There are a few potential explanations but the one that probably explains most of what we are seeing here comes down to how respondents process a scale when they hear it read to them as opposed to seeing it displayed, in this case, on a Web page. 

Tarnai and Dillman (1992) were probably the first to report a tendency for telephone respondents to choose extreme values in scales more often than mail survey respondents, who tend to use more of the entire scale.  This may result in different means (higher or lower depending on the question and scale direction) across modes. More recently, Steiger, Keil and Gaertner (2005) saw evidence of this in a Telephone/Web comparison of satisfaction scores.  They did not see the effect on all of the items they considered, but they saw enough to suggest that Web respondents distributed themselves more across the entire scale than do telephone respondents.  When you stop to think about it this is not all that surprising.  Visualizing the scale in your head versus seeing it displayed on paper or on a computer monitor might produce subtle differences in the value you select.

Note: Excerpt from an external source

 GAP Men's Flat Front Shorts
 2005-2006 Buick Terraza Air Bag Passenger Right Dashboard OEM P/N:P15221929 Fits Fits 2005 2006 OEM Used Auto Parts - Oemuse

Unfortunately, the issue gets a bit more complex if you introduce variation in how scales are displayed on the Web.  Tourangeau, Couper, and Conrad (2004) first reported that including non-substantive answer categories (such as Don't Know, Refused, Not Applicable, etc.) on the far right of a horizontal scale display or the bottom of a vertical display can cause the center of the distribution to shift visually.  For example, in a seven point scale where the respondent sees seven radio buttons across the screen the visual center is the fourth radio button from the left.  Adding, for example, two non-substantive codes on the far right means that there now are nine radio buttons displayed and the visual center is the fifth  bottom from the left.  So choosing from the visual middle of the scale can produce a slight elevation in the overall mean.   Baker, Conrad, Couper, and Tourangeau (2004) replicated this result and show that it can be mitigated by such things as not displaying the non-substantive answer categories, displaying them but separating them from the substantive codes with a vertical line, or labeling all points in the scale.  Simply labeling the midpoint of the scale also may help.

More unfortunately still, when we did some experimental comparisons between phone and Web (Speizer, Schneider, Wiitala, and Baker (2004)) the effect reversed and when there were significant differences on satisfaction items across modes the tendency was for Web respondents to use more of the top boxes than telephone.  My untested hypothesis there is that the display (non-substantive answer categories on the right) mitigated the effect.  But I have yet to prove that.

To sum up, it should not surprise us that hearing the scale read and then interpreting it in one's head can sometimes lead to subtle differences compared to seeing the scale displayed on paper or on the Web.  The research records leads us to expect that we may see differences in means and those differences could be in either direction, depending on the question and how it is displayed on the Web.